The three problems mentioned have been clearly present in the behavior of the world economy. The first and the third have already received attention in previous sections of this paper. The recessionary biases could present themselves in the next few years if a considerable number of countries try to improve their current account balance (by reducing their deficit or increasing their surplus), as we stated at the end of the previous section. The massive accumulation of reserves by developing countries and their contribution to global imbalances is the clearest demonstration of the third, as we saw in the second part of this paper.
Under the fiduciary dollar standard in which the world has lived, deficits in the United States’ balance of payments have been the rule rather than the exception. During the past three and a half decades, the world has been affected by an ever more intense cycle of growth and contraction in the US current account deficit, which is linked to strong fluctuations in the real exchange rate of the main reserve currency, as we can observe in Figure 6. That implies that the dollar has lacked the main feature that a currency that is at the centerntre of the system should have: a stable value. Moreover, corrections to the US current account have also taken place in a context of world economic downturn, as the recent crisis confirmed yet again.
The interaction between the three problems mentioned is particularly clear in the behavior of the US deficit since the end of the 1990s. As Figure 6 indicates, at the end of that decade the greatest deterioration in the US current account in history began. Although it had its equivalent in the deterioration of the domestic deficits of the United States, particularly among households, it should be recognized that the huge size of the current account imbalances are also a result of factors external to the US economy, particularly, as we have seen, the recession or slow growth experienced by large part of the developing world during the succession of crises that started in 1997. The United States deficit served, therefore, to mitigate the anti-Keynesian bias generated by the massive crises experienced by the developing countries.

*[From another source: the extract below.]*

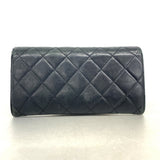 【6ie6990】シャネル 長財布 マトラッセ ラムスキン ブラック シルバー金具【中古】レディース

On the other hand, although the strong US and global slowdown of 2001 allowed the US deficit to decline, the effect was moderate relative to similar past down turns, and the upward trend in the deficit began again the following year. Although that increase is linked again to internal problems in the US economy, it is also related, as we have seen, to developing countries’ strong demand for self-insurance, as well as surpluses of commodity exporting countries. This is why the strong but orderly accumulated depreciation of the dollar since 2003 was not accompanied, as was the case in the second half of the 1980s, by a significant correction in the United States’ current account deficits, which only firmly started in 2008 as a product of the deep US recession –and a world crisis.